Collected material:
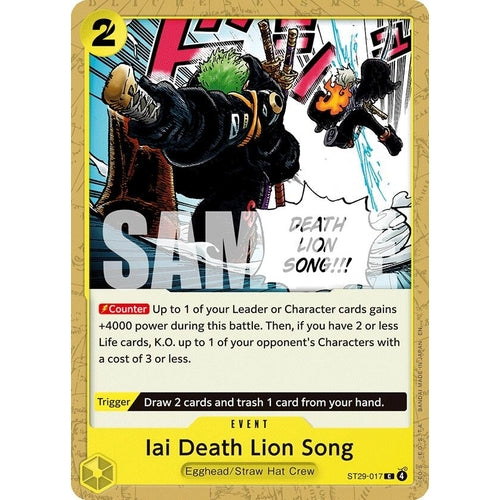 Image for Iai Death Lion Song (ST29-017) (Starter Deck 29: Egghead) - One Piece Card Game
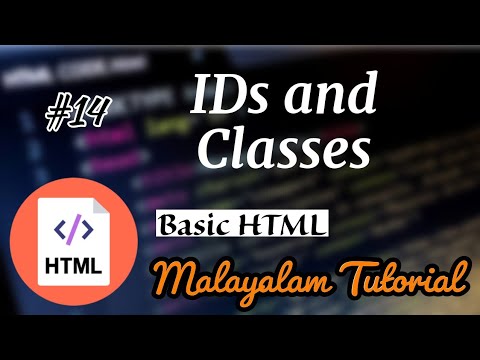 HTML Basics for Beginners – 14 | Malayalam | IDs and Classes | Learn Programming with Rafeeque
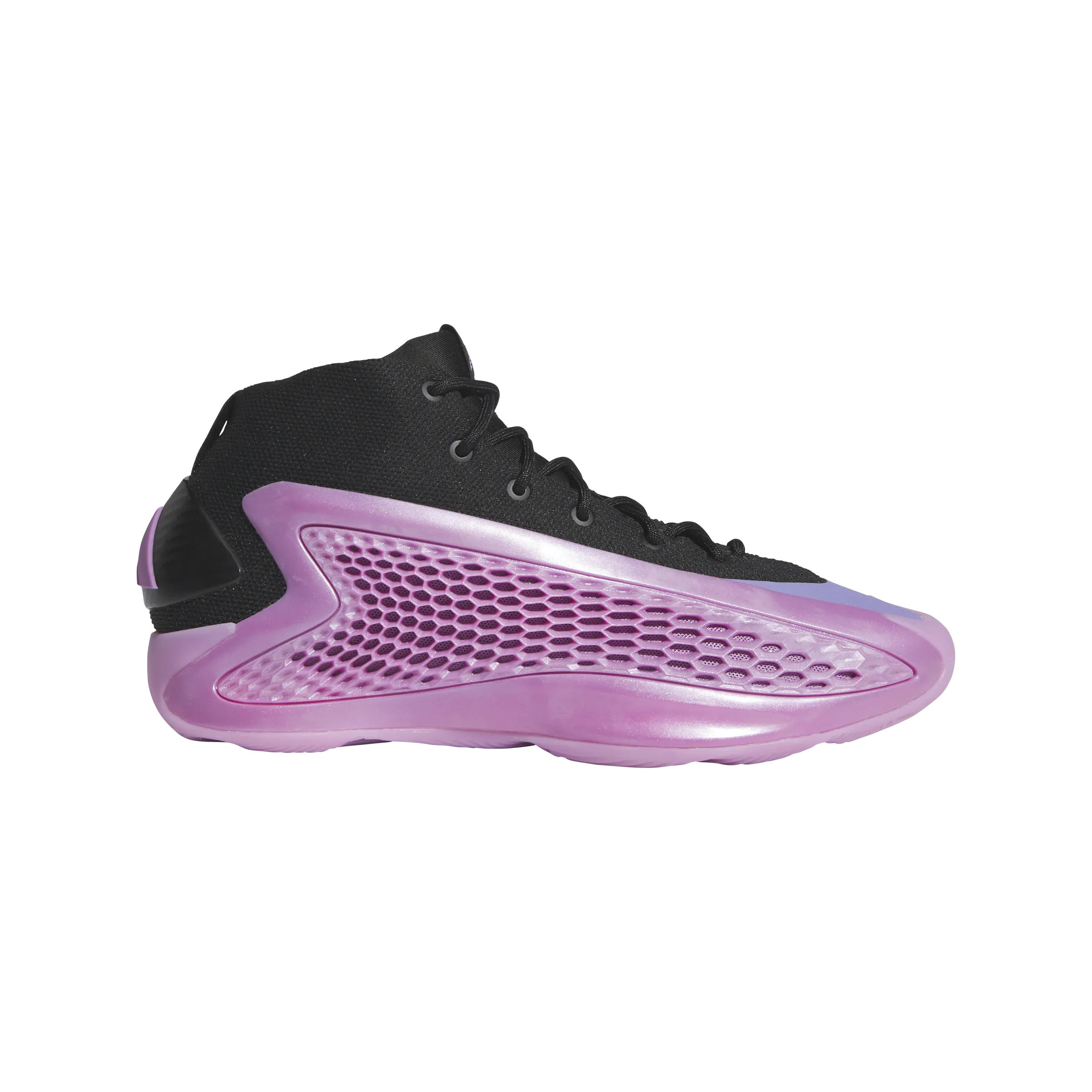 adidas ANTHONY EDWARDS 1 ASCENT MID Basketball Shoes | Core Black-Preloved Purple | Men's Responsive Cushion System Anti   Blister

Work to complete:
Only exact repeats of the lines from the one containing "HTML Basics for" through the end of the listing above are wanted here; pictures are not.

Answer to this problem:
 HTML Basics for Beginners – 14 | Malayalam | IDs and Classes | Learn Programming with Rafeeque
 adidas ANTHONY EDWARDS 1 ASCENT MID Basketball Shoes | Core Black-Preloved Purple | Men's Responsive Cushion System Anti   Blister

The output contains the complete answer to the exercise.